Kenny présente habilement la complexité du sujet dans les premiers chapitres. La définition du travail des enfants est en elle-même floue, car certaines activités pratiquées par les enfants sont tout simplement considérées par la famille comme faisant partie des tâches normales que les enfants doivent accomplir au sein de l’économie familiale. L’auteure s’est concentrée sur les enfants âgés de moins de 14 ans, âge en-deçà duquel le travail est officiellement illégal, mais non moins pratiqué. En ce qui concerne l’état de la recherche, Kenny signale que l’attention demeure plus souvent portée sur les enfants de la rue, alors que les « invisibles », ceux qui vivent en situation d’extrême pauvreté mais sous un toit, sont trop souvent oubliés.
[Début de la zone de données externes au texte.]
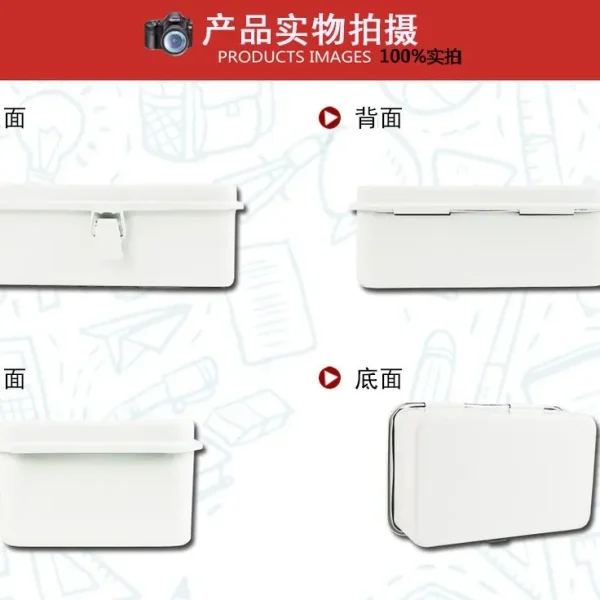 复古白色桌面收纳盒五金工具箱印章收纳铁盒 胶带盒贴纸便签铁盒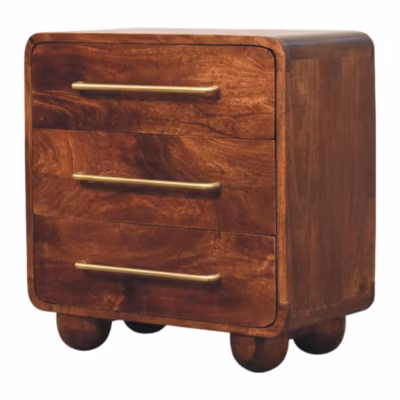 Artisan Furniture Bois massif 3 tiroir arrondi commode, marron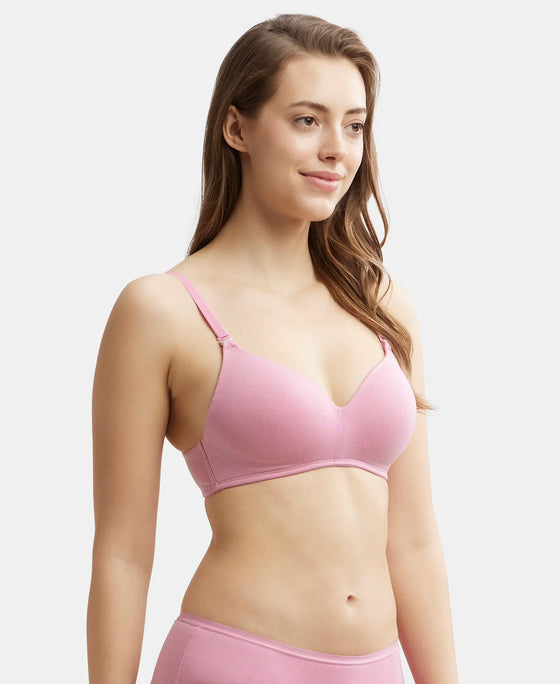 Wirefree Padded Tencel Lyocell Elastane Full Coverage Multiway T-Shirt Bra with Adjustable Straps - Orchid Smoke-2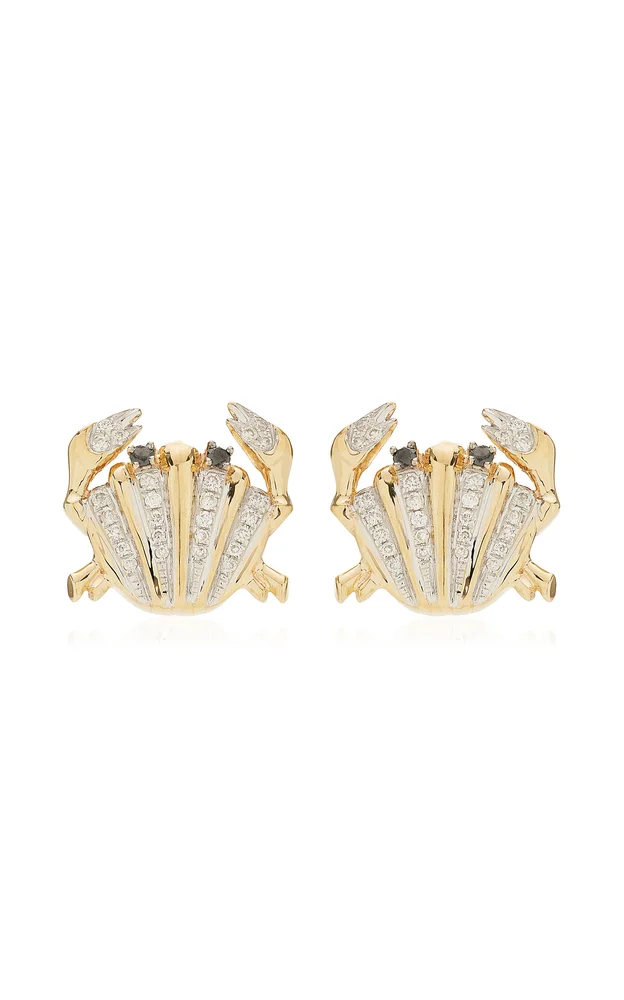 Mini Yellow Gold Diamond Shell Crab Earrings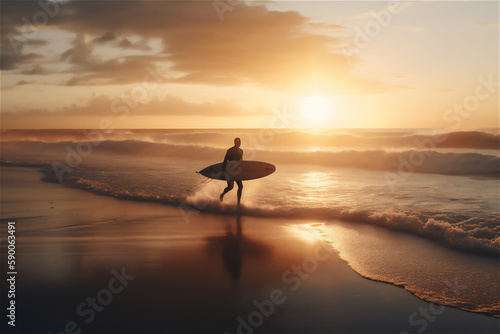 young surfer people silhouettes running to waves with surfboards adrenaline and excitement of extreme sports. generative ai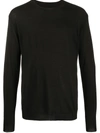 Uma Wang Fine Knit Long Sleeve Jumper In Black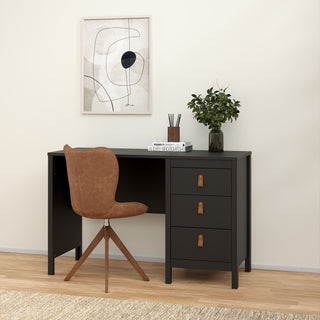barcelona desk 3 drawers in matt black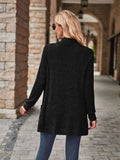 Ribbed Open Front Long Cardigan with Pockets - Trendsi - Flyclothing LLC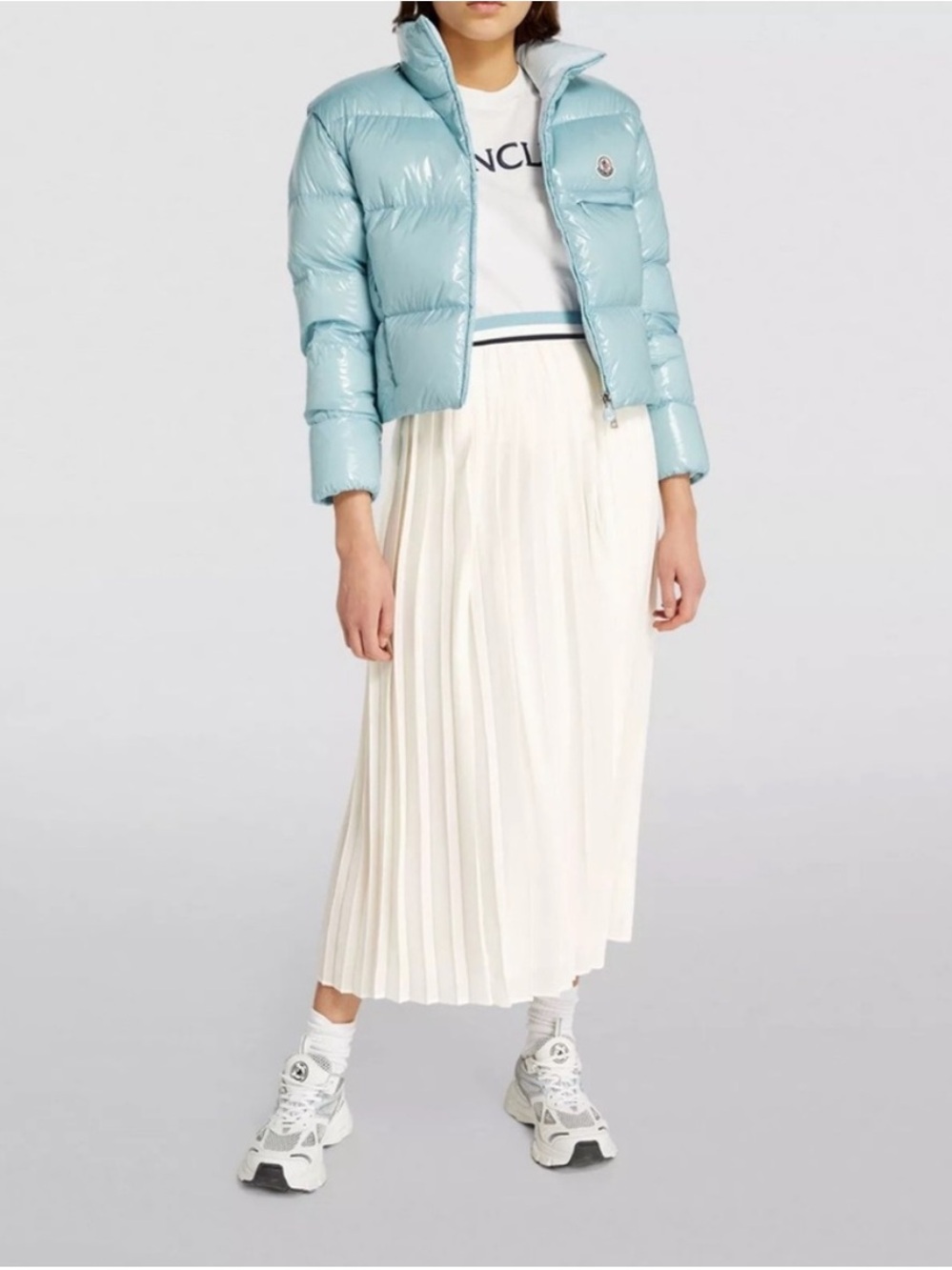 MONCLER NWOT Pleated Cream Midi Skirt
Elle observe que le statut des enfants est toujours défini en rapport avec leur famille, particulièrement avec la mère. De ce fait, les enfants de la rue sont désignés comme tels parce qu’ils ont coupé tout lien, émotionnel, physique et économique avec leur mère. Cependant, peu importe leur statut, ces jeunes vivent dans un contexte de violence normalisé à un tel point qu’à leurs yeux, mourir dans leur jeune âge semble acceptable, voire naturel.

Les deux chapitres portant sur le travail des enfants dans le contexte de leur communauté révèlent qu’ils travaillent parallèlement aux adultes dans le secteur informel. Près de 45 000 enfants à Olinda fouillent les lixões (dépotoirs) pour subsister, revendant les pièces qui rapportent. Plusieurs familles vivent à même ces dépotoirs. Par ailleurs, les occupations se trouvent souvent divisées selon le genre : les garçons travaillent comme guias (guides touristiques) et les filles comme domestiques. Ces dernières ont aussi une double responsabilité, car ce sont elles qui s’occupent des responsabilités domestiques. Elles sont aussi plus vulnérables à la violence à caractère sexuel, en plus d’être sexualisées très tôt. Le harcèlement, les viols et les grossesses précoces sont aussi la conséquence du racisme systémique qui stigmatise les Brésiliens de pigmentation plus foncée. Les filles affichant une tignasse frisée tentent par exemple de la défriser afin de se « désafricaniser ».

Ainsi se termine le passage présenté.